Dia: fevereiro 11, 2014
‘Come Down to Us’, Burial
“Vollmer entrou numa fase estranha. Ele agora passa o tempo todo à janela, olhando para a Terra lá embaixo. Fala pouco ou fica calado. Só quer olhar, nada mais que olhar. Os oceanos, os continentes, os arquipélagos. Estamos configurados no que é chamado de série de órbitas cruzadas, de modo que giramos em torno da Terra em trajetórias que não se repetem. Ele fica sentado, olhando. Como à janela, verifica as listas de tarefas à janela, quase sem olhar para as folhas de instruções enquanto sobrevoamos tempestades tropicais, queimadas, grandes pastagens. Fico aguardando que ele retome seu hábito de antes da guerra, de usar expressões insólitas para descrever a Terra: uma bola de praia, uma fruta amadurecida pelo sol. Mas ele fica só olhando pela janela, comendo biscoitos de amêndoas, enquanto o papel que embrulhava os biscoitos flutua ao seu redor. A vista claramente preenche sua consciência. É poderosa o bastante para calá-lo, para silenciar a voz que sai do céu de sua boca, para deixá-lo sentado de lado em sua cadeira, numa posição desconfortável, por horas a fio.
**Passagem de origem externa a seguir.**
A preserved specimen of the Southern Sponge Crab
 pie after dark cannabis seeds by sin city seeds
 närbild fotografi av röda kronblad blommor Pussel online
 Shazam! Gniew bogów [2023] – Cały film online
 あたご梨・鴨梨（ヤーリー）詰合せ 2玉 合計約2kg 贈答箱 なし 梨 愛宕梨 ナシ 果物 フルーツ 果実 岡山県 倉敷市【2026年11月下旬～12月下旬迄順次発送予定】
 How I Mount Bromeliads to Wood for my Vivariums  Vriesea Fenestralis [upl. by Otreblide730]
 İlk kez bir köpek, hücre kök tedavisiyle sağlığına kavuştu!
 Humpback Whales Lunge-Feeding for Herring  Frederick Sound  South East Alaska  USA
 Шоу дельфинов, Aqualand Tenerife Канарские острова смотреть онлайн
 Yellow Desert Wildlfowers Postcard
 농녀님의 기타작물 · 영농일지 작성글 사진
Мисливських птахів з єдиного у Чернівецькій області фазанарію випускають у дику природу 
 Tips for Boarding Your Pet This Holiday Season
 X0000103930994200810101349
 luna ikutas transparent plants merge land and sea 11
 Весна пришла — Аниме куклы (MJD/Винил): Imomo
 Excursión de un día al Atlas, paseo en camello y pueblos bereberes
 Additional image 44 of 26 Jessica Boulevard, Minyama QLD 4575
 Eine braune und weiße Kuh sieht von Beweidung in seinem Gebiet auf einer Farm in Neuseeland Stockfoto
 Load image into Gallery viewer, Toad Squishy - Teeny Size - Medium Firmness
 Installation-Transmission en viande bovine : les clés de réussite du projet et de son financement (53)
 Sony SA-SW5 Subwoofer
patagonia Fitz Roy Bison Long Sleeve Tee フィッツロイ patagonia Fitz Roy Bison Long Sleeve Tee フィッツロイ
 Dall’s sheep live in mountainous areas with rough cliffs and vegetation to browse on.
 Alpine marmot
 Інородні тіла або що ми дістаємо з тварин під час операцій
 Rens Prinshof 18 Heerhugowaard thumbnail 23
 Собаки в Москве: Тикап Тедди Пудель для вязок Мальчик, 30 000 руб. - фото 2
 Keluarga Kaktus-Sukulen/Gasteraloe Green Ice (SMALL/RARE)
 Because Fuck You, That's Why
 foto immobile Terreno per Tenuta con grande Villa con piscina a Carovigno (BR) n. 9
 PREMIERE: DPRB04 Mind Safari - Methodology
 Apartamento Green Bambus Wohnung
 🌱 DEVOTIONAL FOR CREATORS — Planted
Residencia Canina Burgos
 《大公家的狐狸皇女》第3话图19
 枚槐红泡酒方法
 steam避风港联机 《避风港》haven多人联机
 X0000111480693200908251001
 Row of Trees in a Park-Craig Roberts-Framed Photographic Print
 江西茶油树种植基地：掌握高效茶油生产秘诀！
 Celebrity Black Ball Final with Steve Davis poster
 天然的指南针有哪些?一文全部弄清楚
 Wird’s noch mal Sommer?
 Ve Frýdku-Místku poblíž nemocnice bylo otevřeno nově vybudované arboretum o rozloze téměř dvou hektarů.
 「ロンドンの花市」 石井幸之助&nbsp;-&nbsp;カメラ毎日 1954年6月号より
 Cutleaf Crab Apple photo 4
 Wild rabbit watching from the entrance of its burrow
A vista é uma fonte inesgotável de gratificação. É como a resposta a toda uma vida de perguntas e anseios vagos. Ela satisfaz toda a curiosidade infantil, todo o desejo silenciado, todas as facetas de Vollmer, de cientista, poeta, profeta primitivo, contemplador de fogo e de estrelas cadentes, todas as obsessões que absorvem o lado noturno de sua mente, todos os anseios doces e sonhadores que ele sentiu na vida por lugares distantes sem nome, todo e qualquer sentimento telúrico que ele tenha, o pulso neural de alguma consciência mais selvagem, uma empatia pelos animais, toda e qualquer crença numa força vital imanente, o Senhor da Criação, quaisquer ideias secretas da unidade da espécie humana, todo e qualquer desejo e esperança singela, tudo o que há de excessivo e insuficiente, tudo ao mesmo tempo e pouco a pouco, toda e qualquer ânsia ardente de fugir da responsabilidade e da rotina, fugir de sua própria especialização excessiva, o eu circunscrito e ensimesmado, todo e qualquer resquício de seu desejo infantil de voar, seus sonhos de espaços estranhos e altitudes estonteantes, suas fantasias de uma morte feliz, toda e qualquer tendência indolente e sibarítica – comedor de lótus, fumante de ervas, contemplador do espaço com olhos azuis – tudo isso é satisfeito, tudo se reúne e comprime naquele corpo vivo, a vista que ele vê da janela.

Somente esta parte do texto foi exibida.